What investment strategy has the highest return? ›

The U.S. stock market is considered to offer the highest investment returns over time. Higher returns, however, come with higher risk. Stock prices typically are more volatile than bond prices.

Is it better to invest when interest rates are high? ›

Bond investors benefit from higher interest rates.

Higher yields increase the odds of higher total returns for bonds. Bondholders also benefit when rates drop, which is much more likely at higher levels than low. The difference is starkest for Treasuries.

Where can I get 7% interest on my money? ›

Why Trust Us? As of June 2024, no banks are offering 7% interest rates on savings accounts.
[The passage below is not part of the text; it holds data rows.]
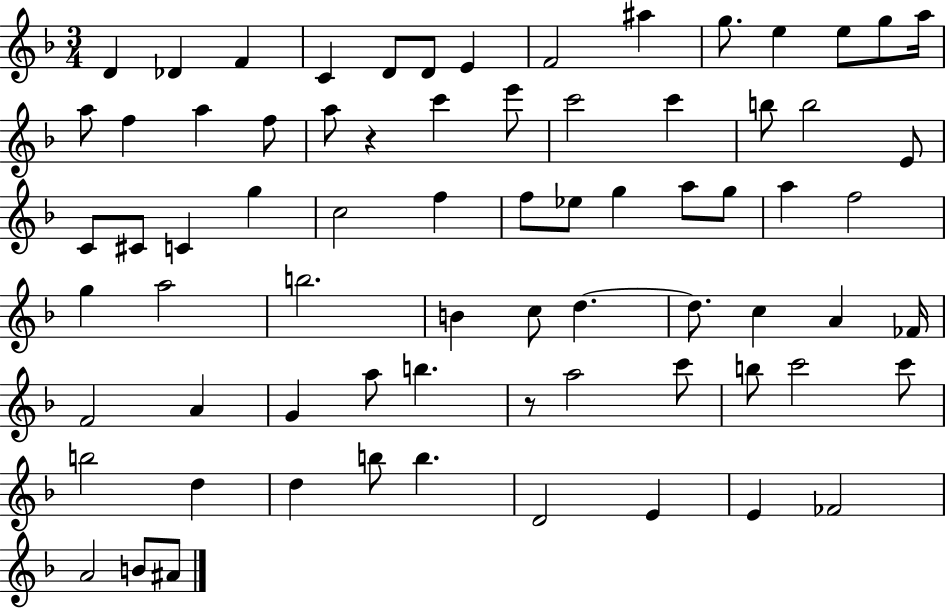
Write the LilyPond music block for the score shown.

{
  \clef treble
  \numericTimeSignature
  \time 3/4
  \key f \major
  d'4 des'4 f'4 | c'4 d'8 d'8 e'4 | f'2 ais''4 | g''8. e''4 e''8 g''8 a''16 | \break a''8 f''4 a''4 f''8 | a''8 r4 c'''4 e'''8 | c'''2 c'''4 | b''8 b''2 e'8 | \break c'8 cis'8 c'4 g''4 | c''2 f''4 | f''8 ees''8 g''4 a''8 g''8 | a''4 f''2 | \break g''4 a''2 | b''2. | b'4 c''8 d''4.~~ | d''8. c''4 a'4 fes'16 | \break f'2 a'4 | g'4 a''8 b''4. | r8 a''2 c'''8 | b''8 c'''2 c'''8 | \break b''2 d''4 | d''4 b''8 b''4. | d'2 e'4 | e'4 fes'2 | \break a'2 b'8 ais'8 | \bar "|."
} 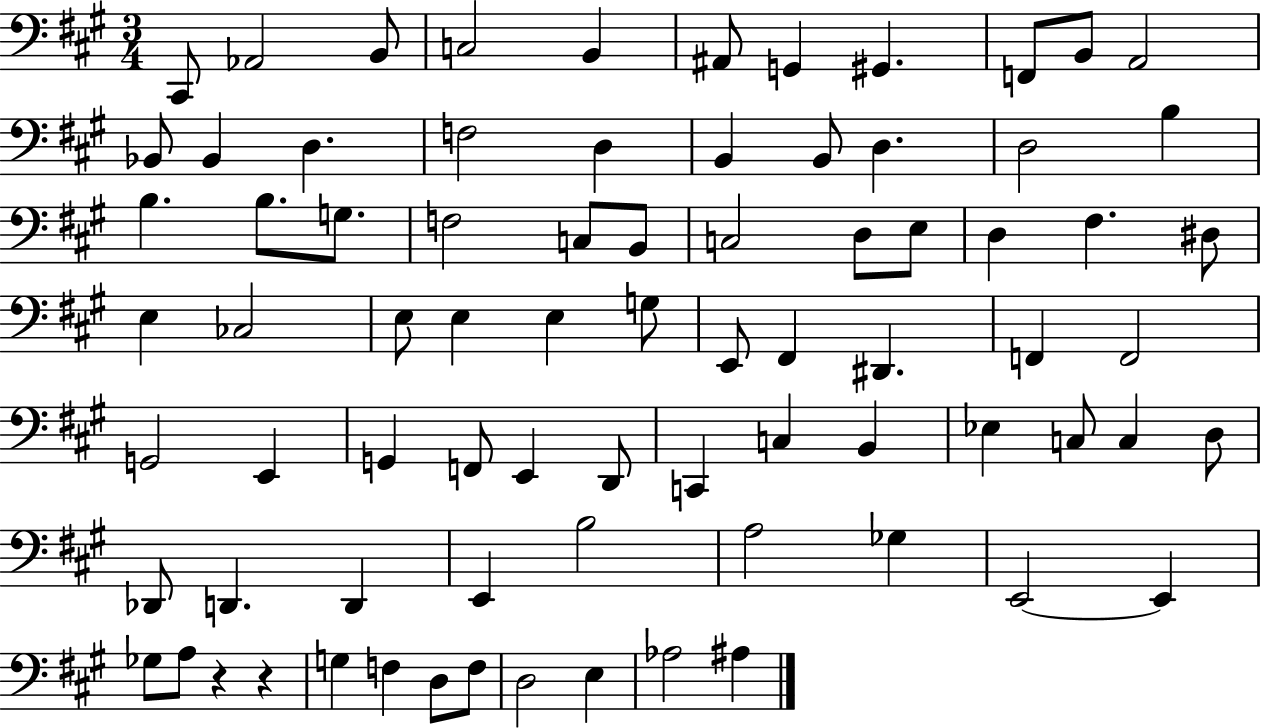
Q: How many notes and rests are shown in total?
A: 78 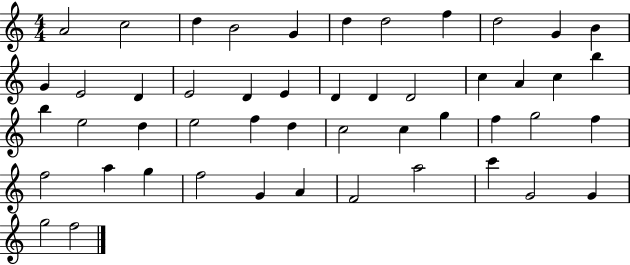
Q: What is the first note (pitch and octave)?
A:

Two credit unions have high-interest checking accounts: Landmark Credit Union Premium Checking with 7.50% APY and OnPath Credit Union High Yield Checking with 7.00% APY.

Should I hold cash right now? ›

Some of your funds should be positioned in cash instruments to meet more immediate needs, but money that is intended to achieve long-term objectives should be invested in assets like stocks and bonds to work toward those goals.”

Do banks make more money when interest rates rise? ›

A rise in interest rates automatically boosts a bank's earnings. It increases the amount of money that the bank earns by lending out its cash on hand at short-term interest rates.

What happens to dividend stocks when interest rates rise? ›

Dividend investing has become an important source of potential income for investors. But not all dividend strategies produce the same results. High dividend yield strategies have a yield advantage, but tend to underperform when interest rates rise.

Is a high interest rate good for a savings account? ›

High-yield savings accounts can help you grow your savings faster than traditional savings accounts. The best high-yield savings rates currently range from 4.50% APY to 5.35% APY—far higher than the national average savings account rate of 0.45%, according to the Federal Deposit Insurance Corporation (FDIC).

Are bonds a good investment when interest rates are rising? ›

Should I only buy bonds when interest rates are high? There are advantages to purchasing bonds after interest rates have risen. Along with generating a larger income stream, such bonds may be subject to less interest rate risk, as there may be a reduced chance of rates moving significantly higher from current levels.

Are banks a good investment when interest rates rise? ›

Generally, higher interest rates are bad for most stocks. A big exception is bank stocks, which thrive when rates rise.